Guy’s newsletter: getting edgy with veg

As we plough in the last of our bolting leeks, kales, cauliflower and cabbage and see the back of the potato, beetroot and carrot stores, another farming year is consigned to memory and the accountants’ spreadsheets. I think they’ll show it to be a little better than average, mostly because of the weather but also boosted by a welcome renaissance in the eating of these more traditional veg. Kale has been riding that wave for a while now and after years of drifting in the sulphurous doldrums of neglected brassicas, even cauliflower seems to have made something of a comeback; I have seen it on fashionable menus roasted (good), baked brain like and whole (hideous to look at and worse to eat in my opinion), bashed with farfalle (dreadful), grated into cous cous (surprisingly successful) and served tempura style (excellent). I still think it is hard to beat the comfort of a reassuring cauliflower cheese on a January evening though.

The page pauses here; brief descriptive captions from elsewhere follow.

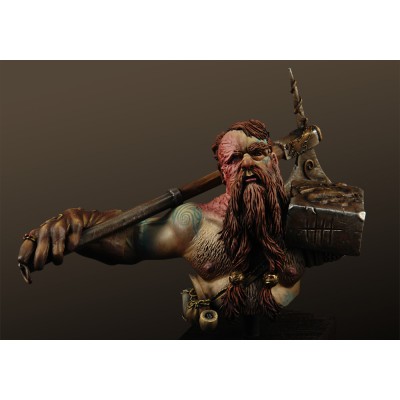 Dwarf Dragon Slayer
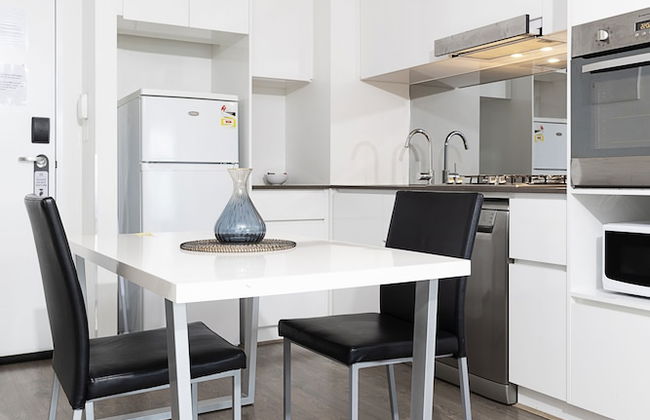 RNR Serviced Apartments North Melbourne - Foto 10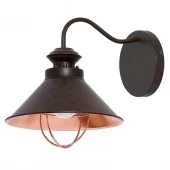 Лофт бра Loft Chocolate, коричневый, 5664 Nowodvorski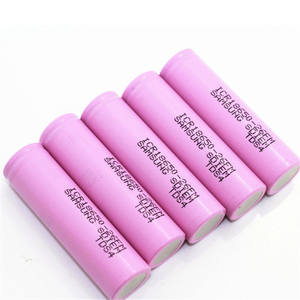 Fabriek Custom High-Performance 18650 26fm 26jm Cilindrische Lithium Ion Oplaadbare Accu 'S Voor Noodverlichting - Product Image 2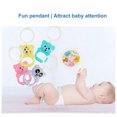 thumbnail image 4 of Baby Gym Play Piano Mat, Desarrollo Sensorial Patada de Piano Mat de Gimnasia Luces Suaves Agrenamiento de la Audición Cubos Suaves Toque Suave Para El Uso Diario, 4 of 7
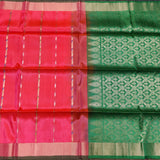 Uppada jamdani Pattu - LWP66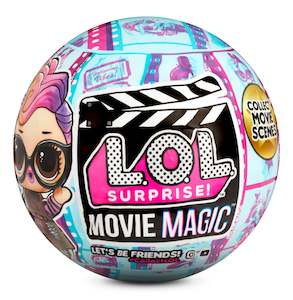 L.O.L. Surprise Movie Magic Tots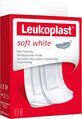 Leukoplast Soft blanc 2 tailles 20 pi&#232;ces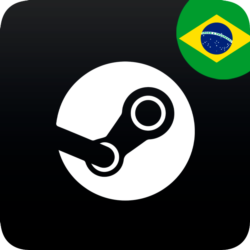КАРТЫ STEAM WALLET CODE БРАЗИЛИЯ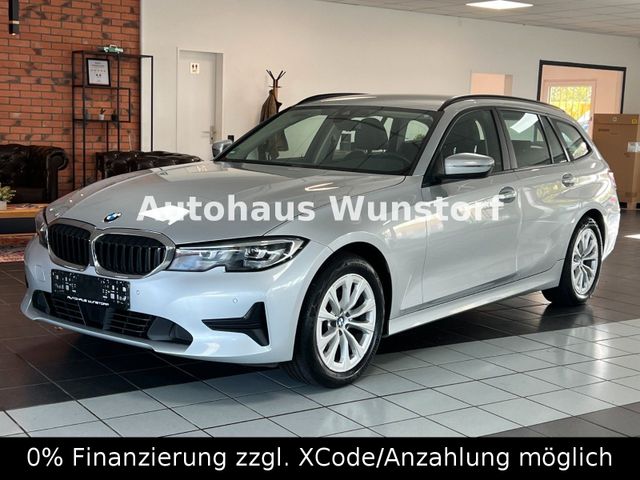 BMW 320 d Touring Advantage LED/Navi/Virtuell/1. Hd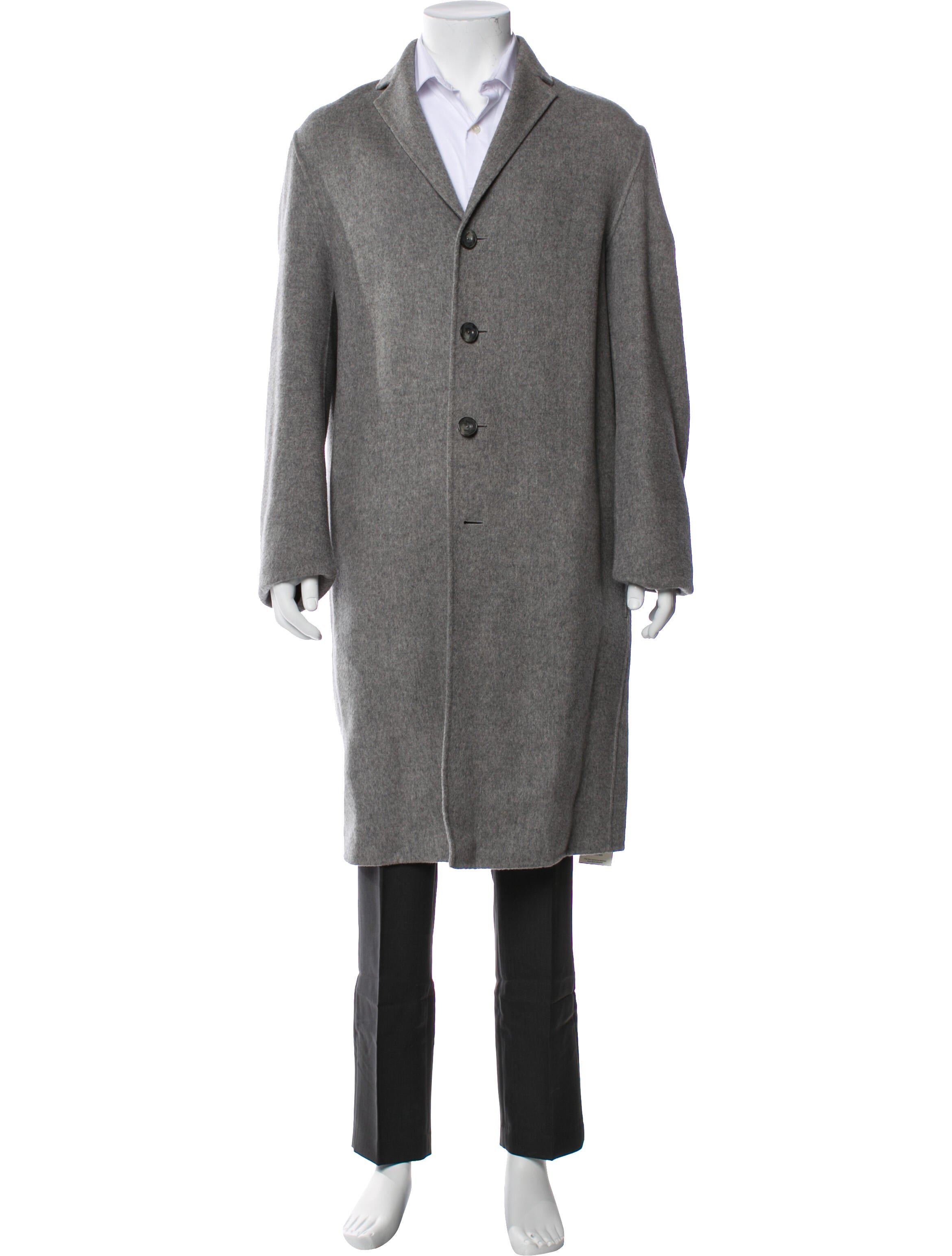 Acne Studios Wool Overcoat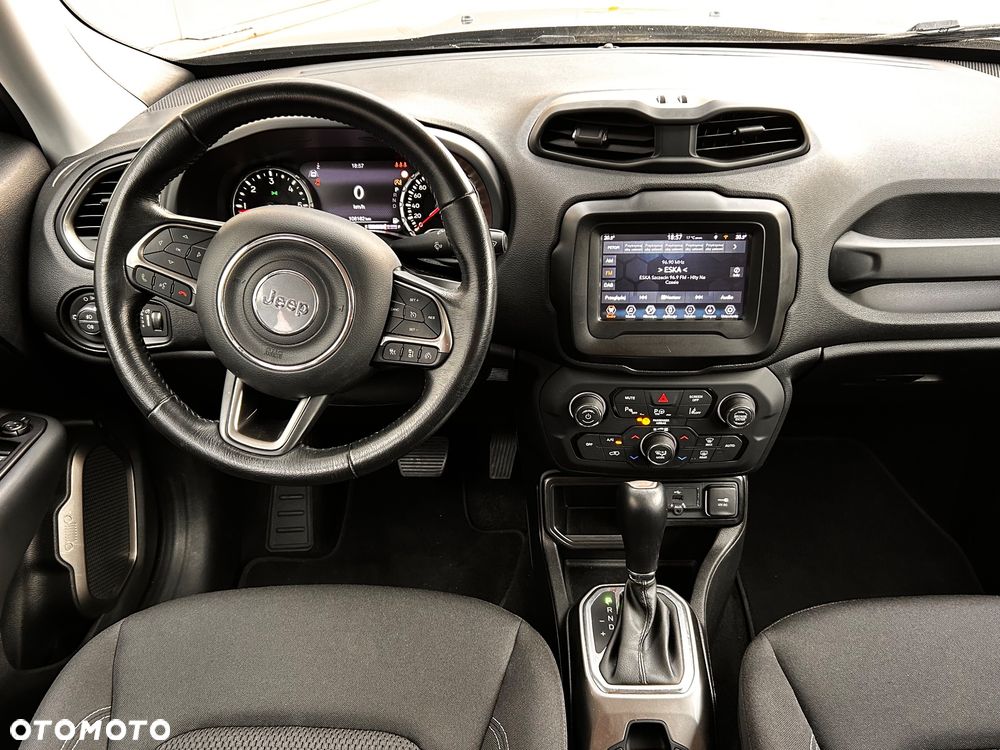 Jeep Renegade - 24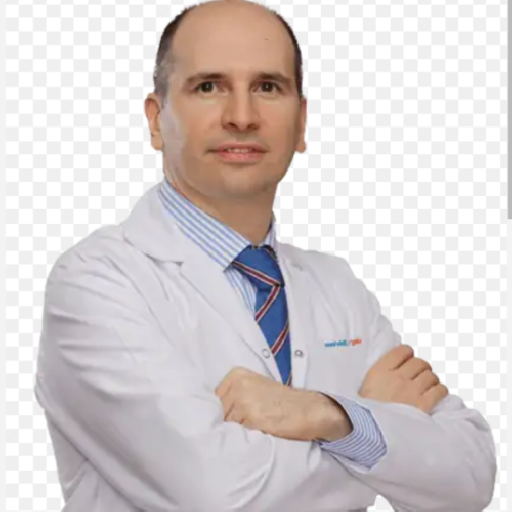 Prof. Dr. İbrahim Fırat Helvacıoğlu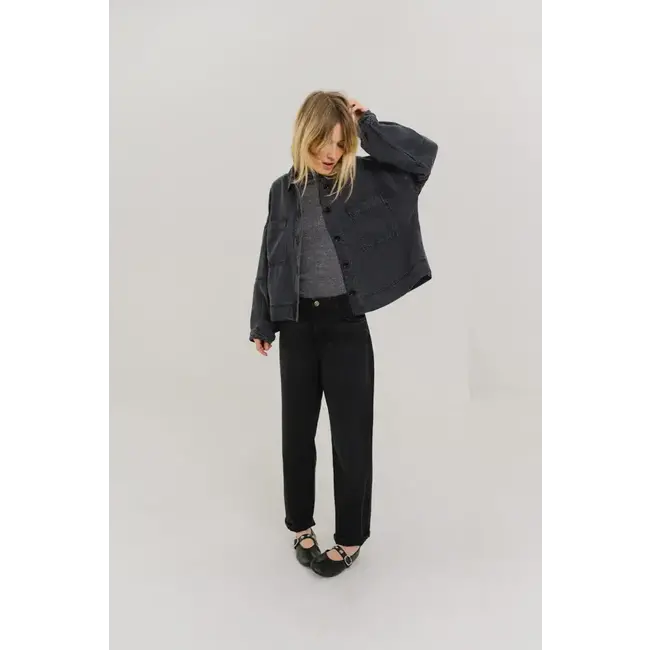 Sacré coeur JULIET GREY NOIR DENIM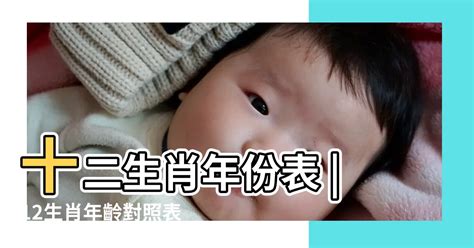 今年46歲屬什麼|十二生肖年份對照表 (西元、民國)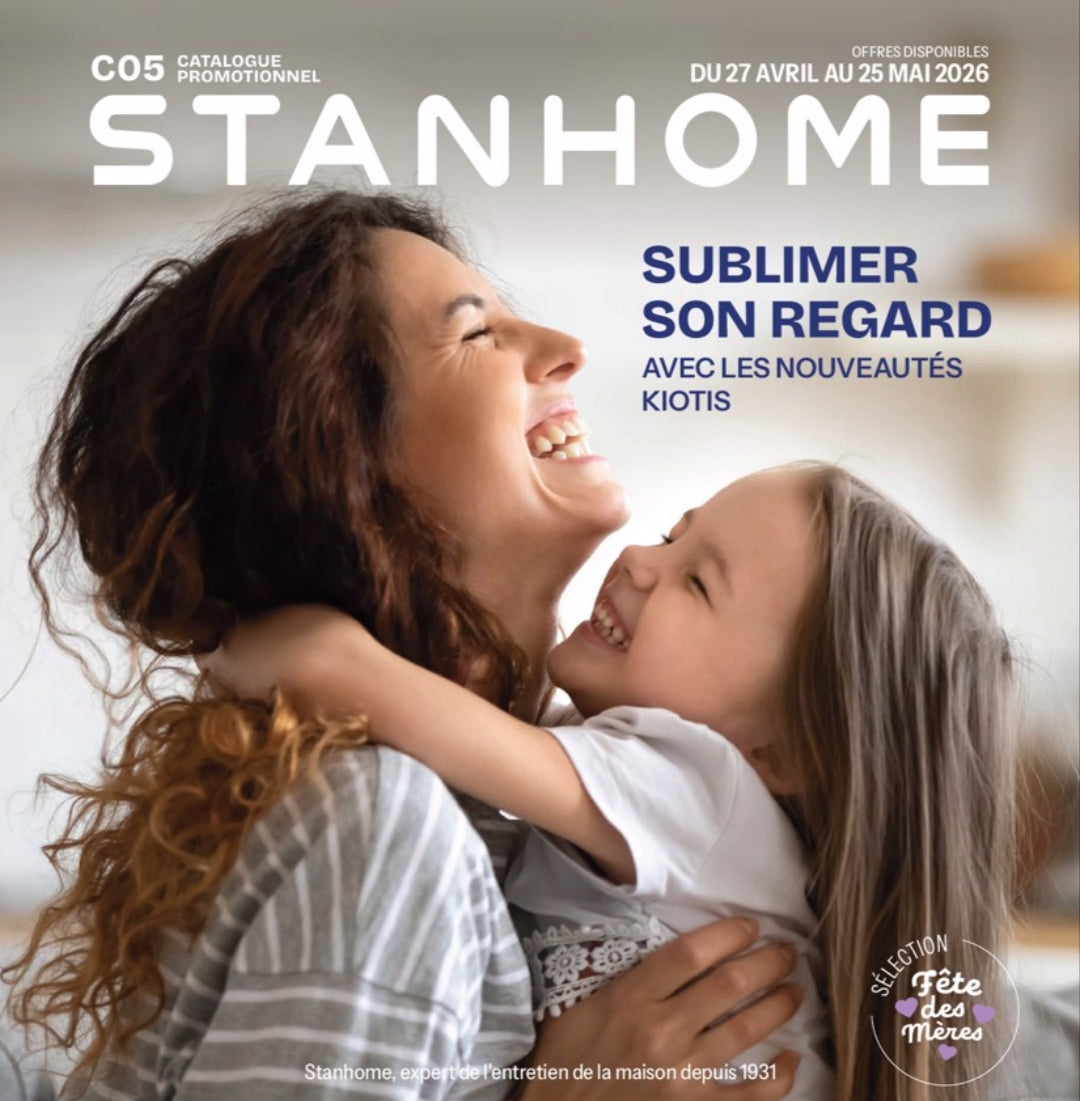Catalogue Stanhome C04 valable jusqu'au 26 avril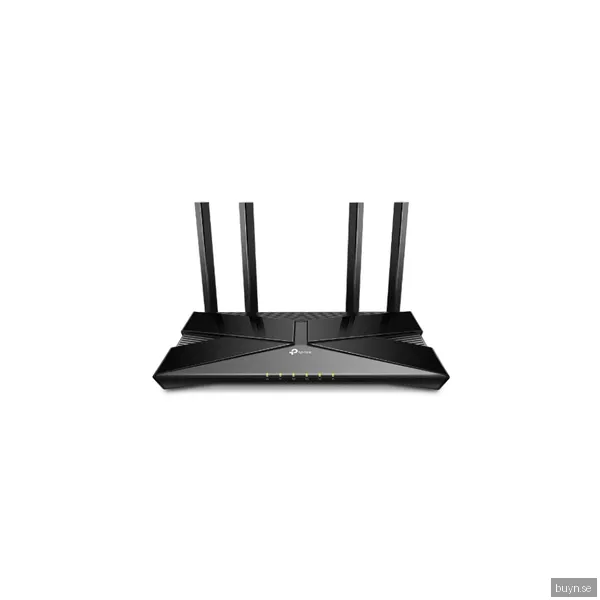 TP-Link Archer AX1800 Dual-Band Wi-Fi 6 Router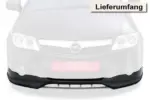 CSR front bumper extension for Opel Tigra Twin Top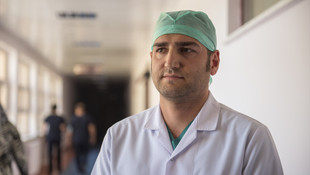 Beyin ölümü gerçekleşen hastanın organları bağışlandı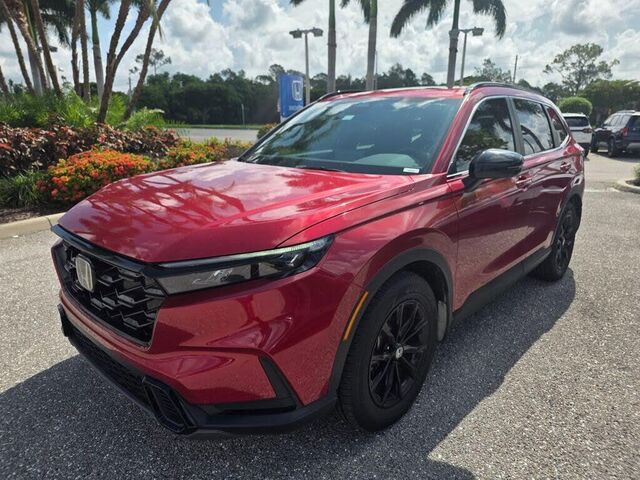 2024 Honda CR-V Hybrid Sport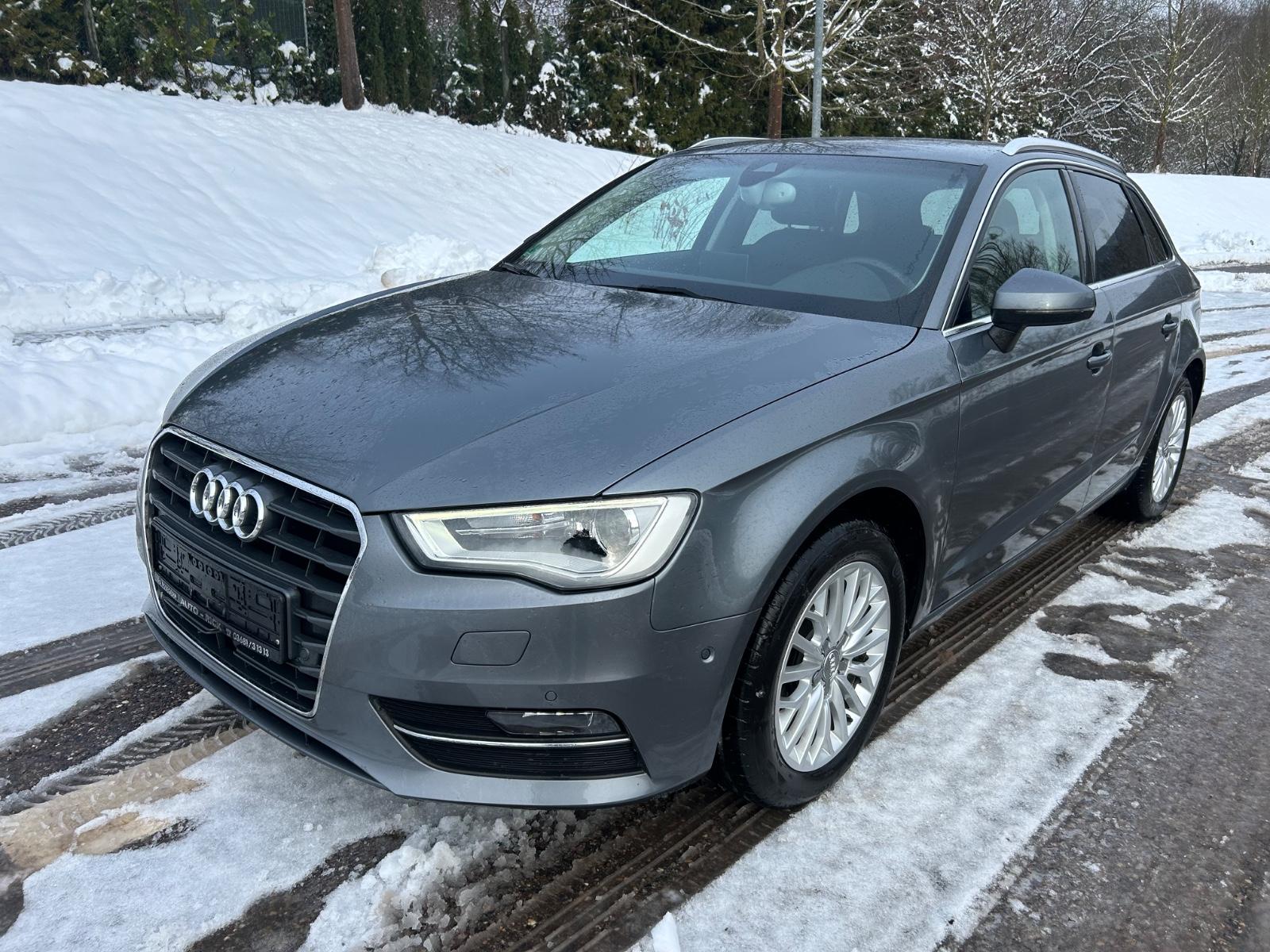 Audi A3 Sportback ambiente PDC Lane Assist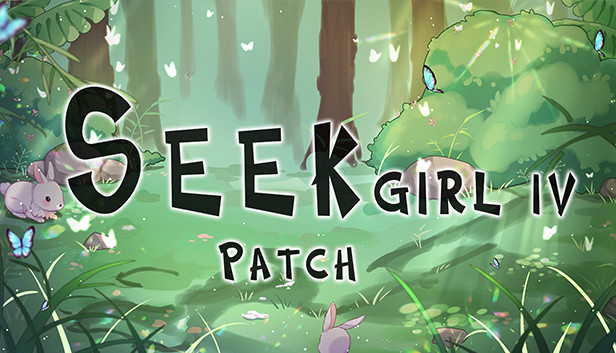 Seek Girl Ⅳ - Patch Steam capsule image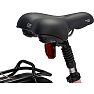 SCO Premium E-Shopper dame elcykel 7 gear 28" 2023 - støvet rosa
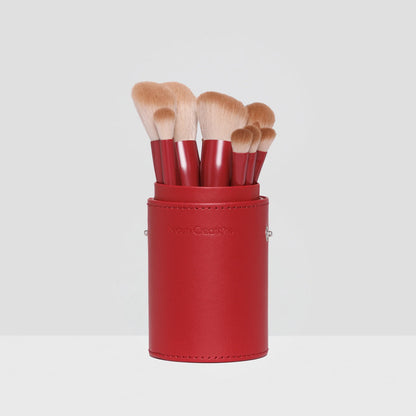 XMAS - A Cherry Sweet Holiday - Set de Brochas - Beauty Creations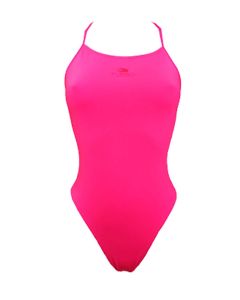 Turbo Sirene Comfort Swimsuit - Pink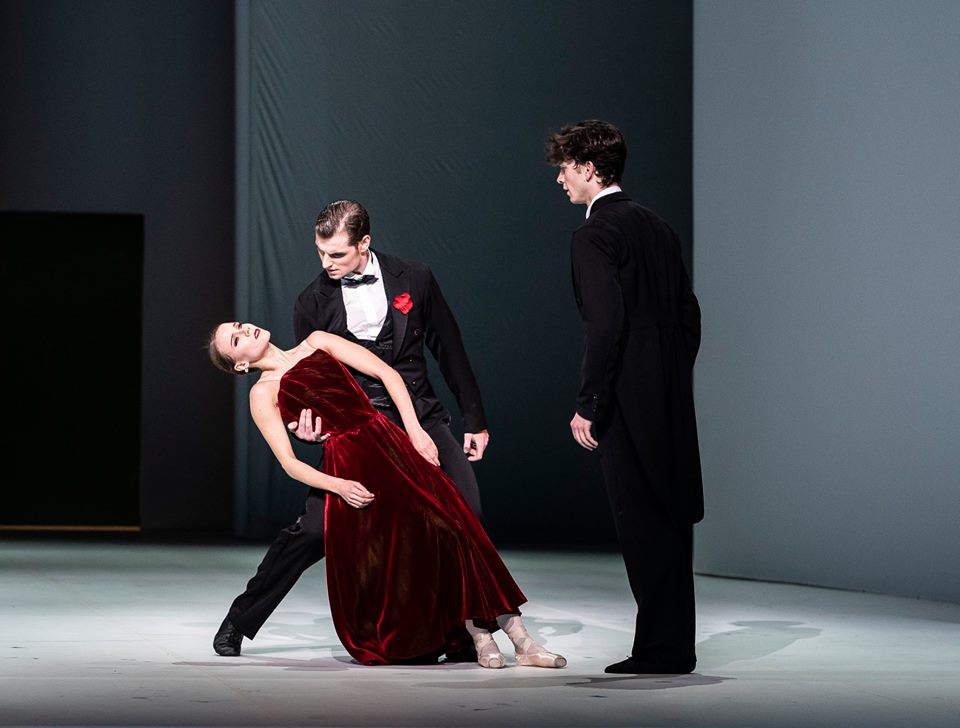 Sylvia John Neumeier, Michal Krcmar Amor Thyrsis Orion Ballet  (4)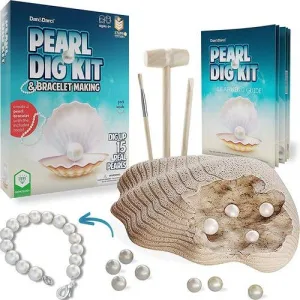 Dan&Darci - Pearl Mining and Bracelet Making Kit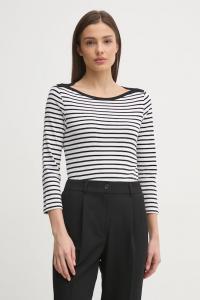 Хлопковая водолазка United Colors Of Benetton, белый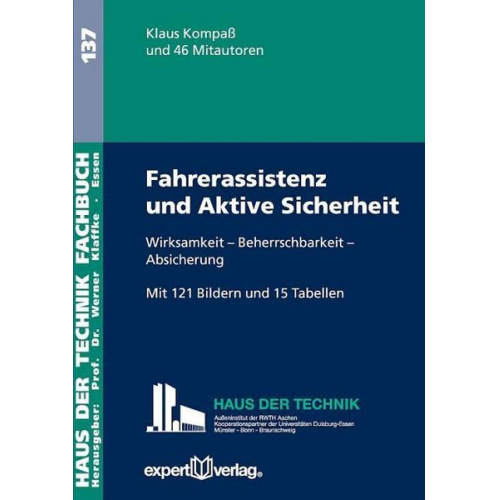 Klaus Kompass - Fahrerassistenz und Aktive Sicherheit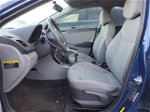 2017 Hyundai Accent Se Синий vin: KMHCT4AE0HU241112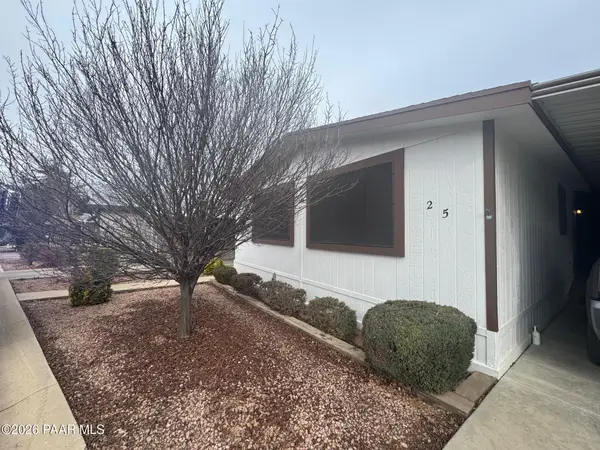853 N State Route 89 #25, Chino Valley, AZ 86323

Cauliflower does well in our mild Devon climate and, as we prepare to sow next year’s crop, I am tempted to up the acreage. But let’s not get carried away; a visiting journalist warned me last week that our white curds are already considered “a bit last year” in the metropolis. It’s hard to keep up with foodie fashion as tweeting journalists and hipster chefs compete to be edgy with veg. Of course we are grateful that what we grow is the subject of their twitter storm, however fleetingly its epicentre hovers over us, especially if it allows a humble cabbage grown on a Devon hillside to get a leg up over a jumped up bell pepper trucked from Spain (or worse still, molly-coddled in a fossil fuel heated greenhouse at home). It’s just a bit frustrating that the timeframes of fashion and nature are so disparate; by the time we have planted and nurtured our chioggia beetroot or purple carrots to harvest, it will be foraged nettles and broccoli sprouts that the twitterati are raving about. I might sow a few more caulis anyway; I reckon we will still be eating cauliflower cheese after the bloggers have moved on. There is so much to celebrate and be proud of in the rising interest in cooking, particularly with seasonal veg, and particularly among the youth, but no part of our farming is perfected without the repetition and tinkering that continues long after the catwalk has left.

Guy Watson

6 responses to “Guy’s newsletter: getting edgy with veg

  1. Ursula Collie

    And what about cauliflower soup, Guy, with cheese or a few toasted almonds, or I make a white chilli with white beans and cauliflower.

  2. Goood one!

  3. Great blog! We have regular egg related blog if you are ever running out of ideas for yours.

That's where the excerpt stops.